[time-nuts] Pendulums & Atomic Clocks & Gravity
brooke at pacific.net
Sat May 26 16:34:24 EDT 2007
It's my understanding that a satellite is in free fall, hence zero g.
Of course there's a gravitational field at the location of the satellite, the
one from Earth being the largest. Orbital mechanics gives me a headache so
let's hear from someone more knowledgeable.
Brooke Clarke, N6GCE
> Brooke Clarke wrote:
>>Gravity also effects atomic clocks, see: http://www.leapsecond.com/great2005/
>>and this puts a limit on what can be done with any atomic clock that's on
>>Earth. "g" will always have minor fluctuations (noise) due to all sorts of
>>things like the Sun, Moon, planets, asteroids, earthquakes, etc. It's still a
>>direct "g" effect called red shift like (U2 âˆ’ U1)/c2, where the Us are
>>gravitational potentials, only smaller by c squared.
> If all of the above affects the gravitational action on the surface of the Earth,
> then how is the statement, below, true ?
>>I expect that in not too many years the official master clocks will no longer
>>be on Earth, but instead in satellites.

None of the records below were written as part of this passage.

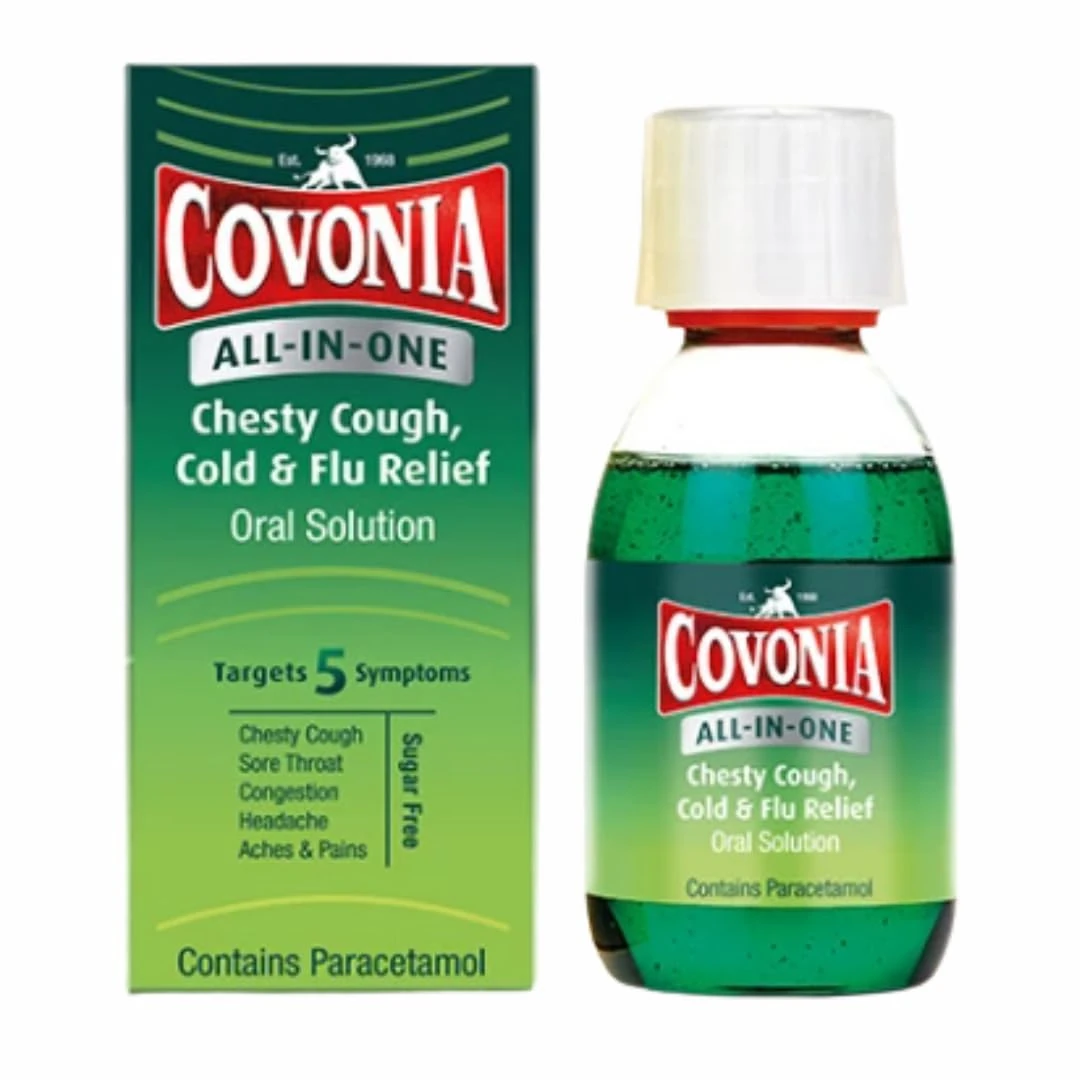 Covonia All-in-One Chesty Cough, Cold & Flu Relief Oral Solution, Sugar Free, Fights Chesty Cough, Headaches, Sore Throats,Contains Paracetamol, for Adults & Children Aged 12 +,160ml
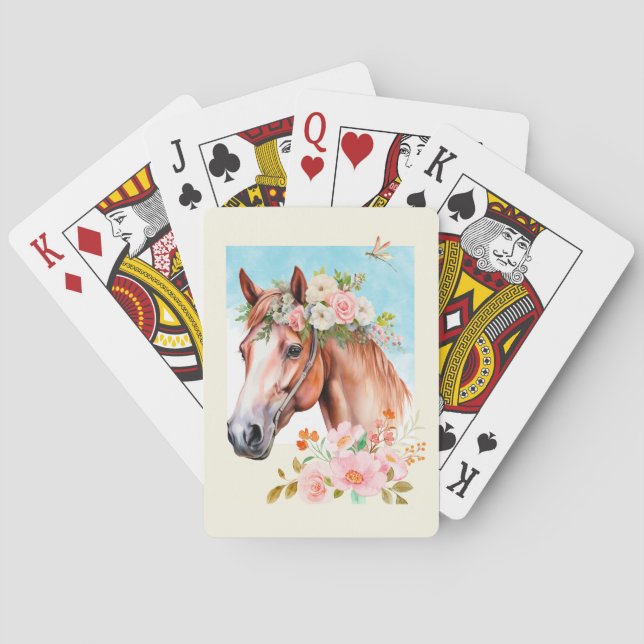 Baraja De Cartas Caballo acuarela y arte florido (Reverso)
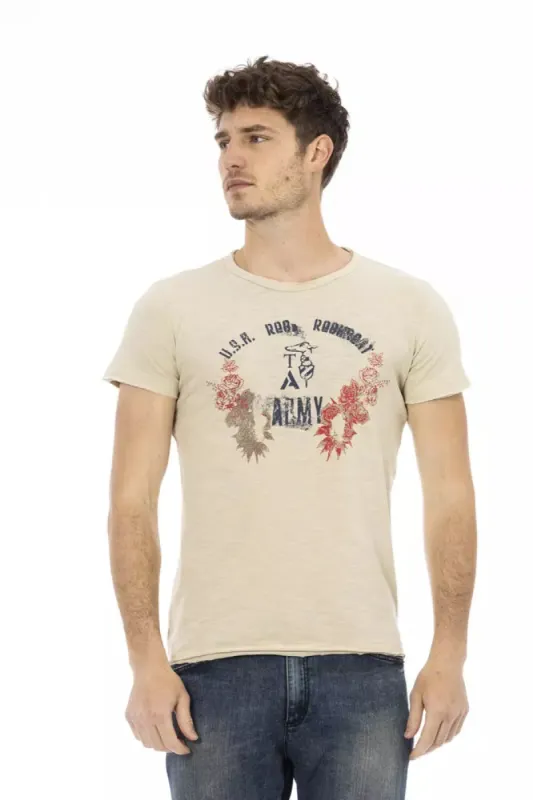 Beige Cotton Men T-Shirt sold by Louxly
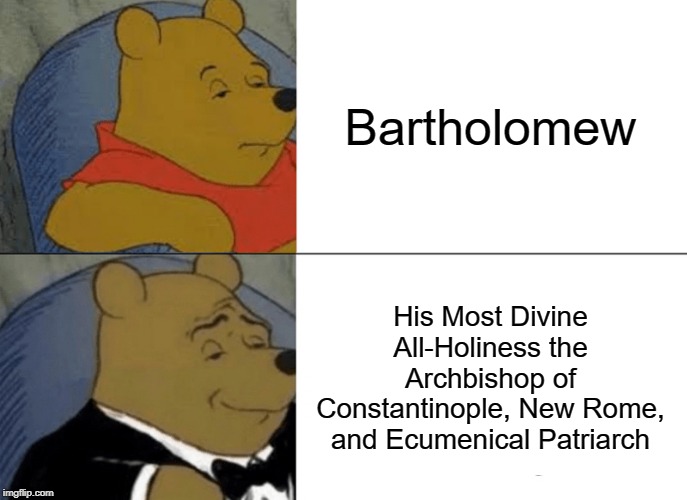 Tuxedo Winnie The Pooh Meme | Bartholomew; His Most Divine All-Holiness the Archbishop of Constantinople, New Rome, and Ecumenical Patriarch | image tagged in memes,tuxedo winnie the pooh | made w/ Imgflip meme maker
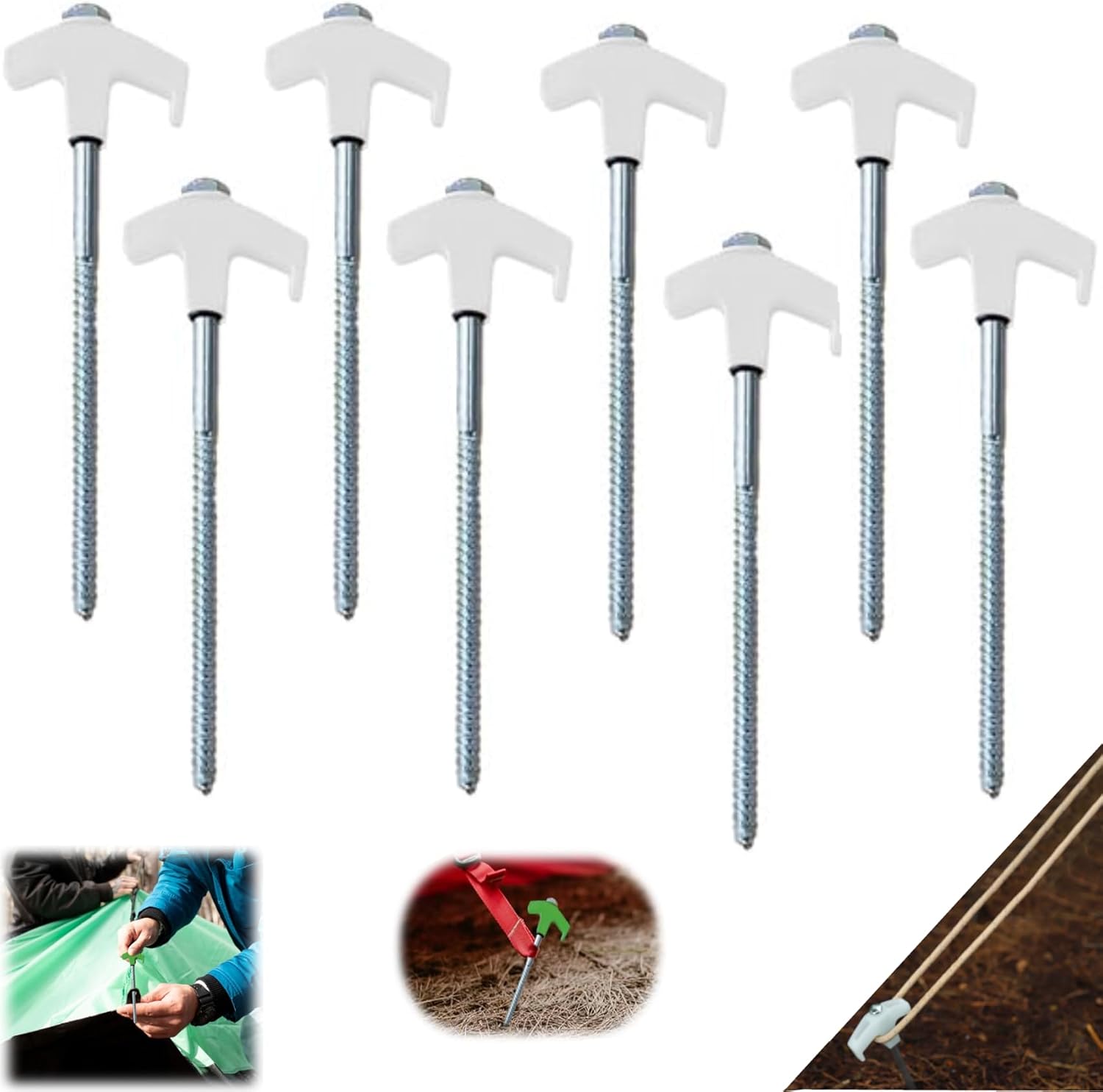 8" Screw in Tent Stakes,Tent Stakes Heavy Duty Ground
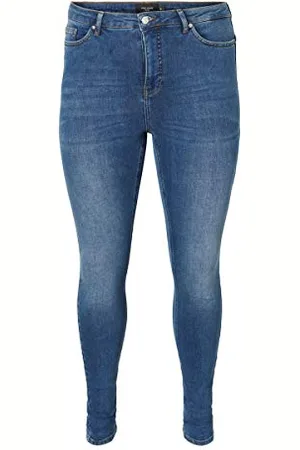 VERO MODA Damskie dżinsy skinny VMLORA HW SS MB WASH Jeansy K Curve NOOS, , 44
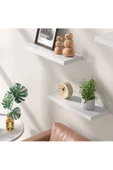 Egecan Mobilya Beyaz Uçan Duvar Rafı 3'lü Set (40-40-40) - 4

There "g" is precisely known to be
>>zero. Since GPS satellites are excellent for time transfer that's where they
>>will be. The ensemble will be the full constellation.
> It would seem that the satellite, which is just an arms throw from the surface,
> would have the same affects acting upon it, albeit perhaps in modified ways. I
> would think the satellite would have to be placed at the center of the SUN to have
> all of the effects (within our solar system) reduced to the smallest amount.